Additionally, in two cases guest statutes were invalidated on state constitutional grounds: Manistee Bank & Trust Co. v. McGowan, 394 Mich. 655, 232 N.W.2d 636 (1975); Johnson v. Hassett, 217 N.W.2d 771 (N.D.1974).
In the following cases guest statutes were upheld: Sidle v. Majors, 536 F.2d 1156 (CA7), cert. denied, 429 U.S. 945, 97 S.Ct. 366, 50 L.Ed.2d 316 (1976); Behrns v. Burke, 89 S.D. 96, 229 N.W.2d 86 (1975); White v.

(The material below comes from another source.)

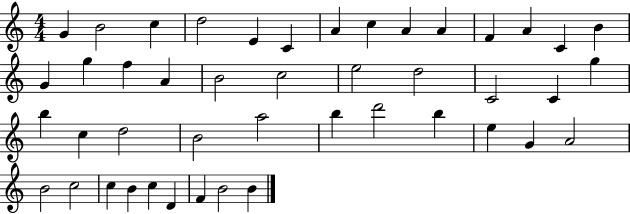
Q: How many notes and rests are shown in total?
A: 45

Hughes, 257 Ark. 627, 519 S.W.2d 70, appeal dismissed for want of substantial federal question, 423 U.S. 805, 96 S.Ct. 15, 46 L.Ed.2d 26 (1975); Richardson v. Hansen, 186 Colo. 346, 527 P.2d 536 (1974); Duerst v. Limbocker, 269 Or. 252, 525 P.2d 99 (1974); Cannon v. Oviatt, 520 P.2d 883 (Utah), appeal dismissed for want of substantial federal question, 419 U.S. 810, 95 S.Ct. 24, 42 L.Ed.2d 37 (1974); Keasling v. Thompson, 217 N.W.2d 687 (Iowa 1974); Justice v. Gatchell, 325 A.2d 97 (Del.1974); Tisko v. Harrison, 500 S.W.2d 565 (Tex.Civ.App.1973); Delany v. Badame, 49 Ill.2d 168, 74 N.E.2d 353 (1971).